Mi madre había votado por él porque prometió combatir la corrupción. En la peluquería de Don Guillermo, en la avenida Playa Ancha, había un afiche amarillento donde Ibáñez salía con una escoba, al lado había otro que mostraba a una huasita en un tren saludando con un pañuelo a un huaso que decía: “Adiós Dolores con Aliviol”.
Su gobierno fue perdiendo popularidad; no contaba con “hombres de trabajo”, decía mi padre. El amor al trabajo venía inmediatamente después del amor a Dios en mi hogar. Mi padre añoraba al Ibáñez del primer gobierno, el de la dictadura y la mano dura, pero en esta vuelta era solo un león herbívoro que rugía muy de cuando en cuando y terminó aislado de la izquierda y la derecha.
Dicen que Ibáñez tenía un sentido del humor un tanto negro. Durante su gobierno encarceló catorce veces a don Clotario Blest, entonces presidente de la Central Única de Trabajadores, en un período de muchas huelgas; después de un tiempo a la sombra “don Clota”, como llamaban al líder sindical austero, católico de izquierda radical y mesiánico, quedaba en libertad y volvía a la carga.
Después de uno de esos períodos llegó a La Moneda con una delegación para conversar con Ibáñez. Este lo recibió muy cordialmente, diciéndole: “¿Cómo está don Clotario, qué gusto de verlo, tanto tiempo, donde se había metido?”.
De la elección de 1958 me recuerdo perfectamente, tenía nueve años durante la campaña. Aunque mis revistas preferidas eran Estadio, Barrabases y El Peneca también leía Topaze, una revista de sátira política y cada vez que llegaba a mis manos no entendía mucho, pero me hacían gracia las caricaturas.
El Pingüino que era una revista pícara, que hoy la encontraría inocente hasta un supernumerario del Opus Dei, estaba estrictamente prohibida en mi casa, pero la leía en casa de amigos. Tampoco eran bien recibidas la revista Okay y Simbad por razones que nunca logré comprender, y cuando recibíamos El Billiken de Argentina y el Corriere dei piccoli de Italia era fiesta.
Mi padre era alessandrista aunque no le disgustaba el lado moderno y europeo de Eduardo Frei Montalva.

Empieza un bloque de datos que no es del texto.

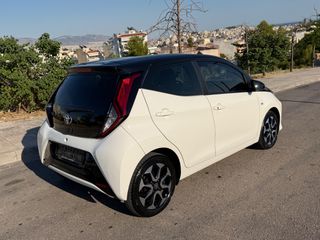 Toyota Aygo 2018 X play. Automatic. Keyless go.-thumb-14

Por su parte, mi madre decía que no pasaría nada si ganaba Allende porque era de buena familia y no quería que volvieran los radicales con Bossay, a quien le atribuía ser masón; seguramente no sabía que Allende también lo era —los masones en mi casa no gustaban, se los consideraba enemigos de la Iglesia—, y a Bossay también se le atribuía un “negociado con el té”.
Para entender esto del rechazo a los masones, es necesario saber que en mi casa había un libro muy antiguo, de 1875, escrito por don Manuel Carbonero y Sol y Merás, quien era Parmenide Anfrisio entre los Arcades de Roma, camarero secreto de capa y espada de S.S. Pío IX, que se llamaba Fin funesto de los perseguidores y enemigos de la Iglesia, desde Herodes el Grande hasta nuestros días.

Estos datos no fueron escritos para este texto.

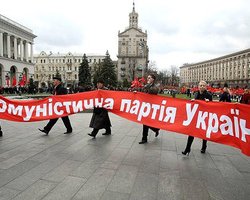 На Крещатике произошло несколько стычек между коммунистами и националистами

Entre ellos había muchos personajes históricos de los cuales uno inocentemente tenía buena opinión. La parte más escabrosa e interesante para un niño que, como yo, no estaba autorizado a leerlo, por ser lectura para mayores, eran las muertes aterradoras y los dolores por los que pasaban los protagonistas antes de su descenso a los infiernos. Entre las cosas que más me impresionaron era que Ana Bolena tenía seis dedos, y parece que algo tenía que ver eso con Belcebú.
En todo caso, Don Manuel, pese a ser muy piadoso, carecía de rigurosidad, pues Herodes el Grande reinó en Judea, Galilea, Samaria e Idumea entre el 37 y el 4 antes de Cristo, y si bien el hombre era malvado, disoluto, paranoico y servil con la dominación romana, mal pudo haber atacado a una Iglesia que por entonces no existía.
El papá de mi vecino y amigo Rolando Fuentes era jubilado de la Aduana y radical “de cogote colorado”, como dicen los mexicanos, quien tenía un gran cartel de Bossay en su casa.